Similarly, Nazeer al-Majed was reportedly ill-treated and held without charge after he was arrested on April 17, 2011. His arrest came days after al-Majed published the article “I protest therefore I am a (good) human” (translation) on numerous websites. Besides this piece, al-Majed had written and posted articles on social and political issues in print media and online prior to his arrest. The security officers searched al-Majed’s apartment without warrant and confiscated his laptop and books by Saudi opposition figures. The Saudi authorities claim that he was formally accused of “taking part in a protest, encouraging protests and communicating with foreign media.” These statements remain unverified. However Amnesty International received reports that al-Majed “was subject to torture and other cruel, inhuman, or degrading treatment.”

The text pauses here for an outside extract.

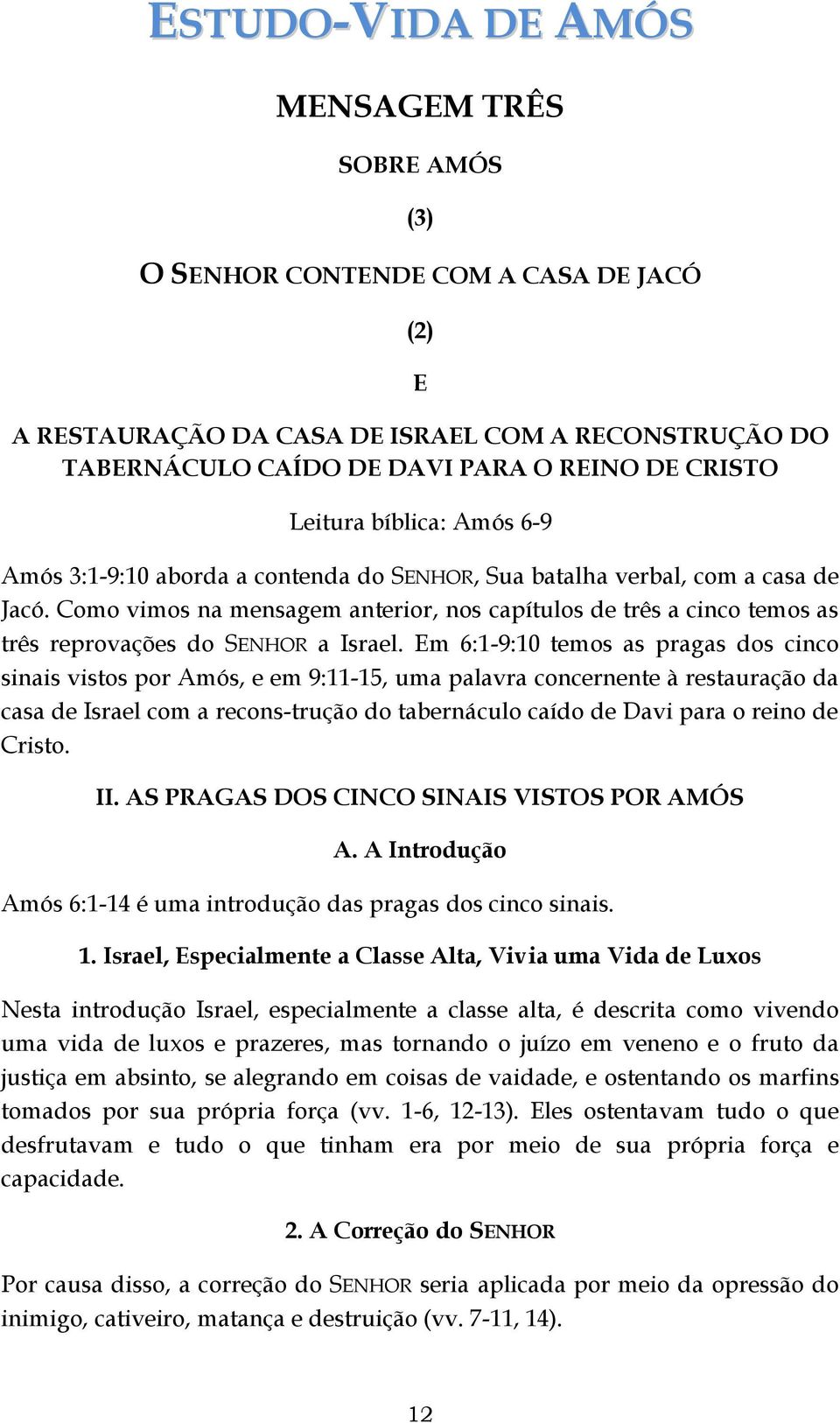 Como vimos na mensagem anterior, nos capítulos de três a cinco temos as três reprovações do SENHOR a Israel.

Besides this, al-Majed was also affected by Saudi Arabia’s Rules for Disciplining Employees and other recently released Royal Orders. The Rules for Disciplining Employees allows the dismissal of public sector employees for various disciplinary penalties. Article 13, for example, establishes that dismissal of a public sector employee is permitted if the questioning of the respective individual leads to “strong suspicion that harm the job’s dignity or the employee’s integrity, honor or reputation.” Further, Article 43 states that “any employee held in preventative detention is considered suspended”, while Article 32 provides a list of possible penalties such as deduction of salary, losing any potential raise, and/or dismissal from a job. In 2011/2012, the Minister of Interior issued a circular numbered 11410 and a related order numbered 5049, which called on public institutions “to do what is necessary to raise awareness among their employees … to not publish, issue, or sign petitions or statements that oppose the policy of the state or are incongruous with the state’s basic rules.” The documents also enforced the Ministry of Civil Service rules by emphasizing that employees are prohibited from “directing criticism or blame to the government in any domestic or foreign media.” An employee at a public school, al-Majed`s salary was suspended for six months, half of his net account was deducted, and he did not receive any cost of living increase or annual raise while in detention. By the year’s end al-Majed remained detained, unable to access a lawyer, and at risk of further ill-treatment and torture.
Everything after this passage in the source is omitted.